Filipe Froes, pneumologista e coordenador do gabinete de crise covid-19 da Ordem dos Médicos, confirmou o cenário de alarme vivido nas unidades de cuidados intensivos dos hospitais: “É uma situação preocupante. Neste momento, já estamos numa fase de necessidade contínua por parte de doentes críticos e a nossa capacidade de aumentar a resposta é muito reduzida”. No seu entender, as medidas entretanto tomadas com a entrada em vigor do novo estado de emergência são “insuficientes e tardias”. O pneumologista afastou, contudo, a necessidade de um novo confinamento nacional, mas defendeu ser necessária “uma maior antecipação e adaptação local das medidas, o que poderia passar por confinamentos concelhios”. Apesar da conjuntura atribulada, Filipe Froes referiu que o anúncio de vacinas, como a da Pfizer, é já uma luz ao fundo do túnel e que Portugal até poderá dispor de uma no início do próximo ano: “Não acredito que sejamos dos primeiros países a receber uma vacina, mas estaremos no segundo contingente e espero que ela esteja disponível no decurso do primeiro trimestre de 2021”. Em paralelo com a crise sanitária, assiste-se a um agravamento dos problemas sociais. Eugénio Fonseca, presidente da Cáritas Portuguesa, explica que a pandemia veio agudizar a situação dos que já eram desfavorecidos e de outros, até aqui, menos afetados: “Este país já estava marcado por mais de dois milhões de pobres e agora há mais pessoas que ficaram sem rendimentos”. Em geral, aqueles que têm recorrido à Cáritas pedem ajuda para bens essenciais, “como alimentação, eletricidade, luz ou gás, o que para nós é inédito”, acrescentou.

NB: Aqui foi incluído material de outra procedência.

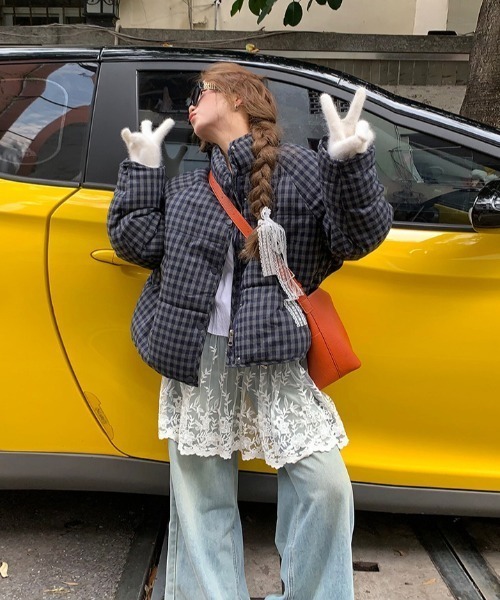 DEVICE（デバイス）の「チェック 中綿 ダウン アウター（ダウンジャケット/コート・レディース・その他1/その他2・FREE）」の4枚目の写真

Para Eugénio Fonseca, a segunda vaga deste coronavírus irá causar danos ainda maiores e a vários níveis. Por isso mesmo, o presidente da Cáritas Portuguesa acredita que é preciso encontrar uma harmonia entre economia e saúde pública: “Deve conseguir-se um equilíbrio entre cuidados de saúde e uma economia a funcionar no essencial porque, sem postos de trabalho, não há crescimento económico, mas sim o recrudescimento de problemas emotivos”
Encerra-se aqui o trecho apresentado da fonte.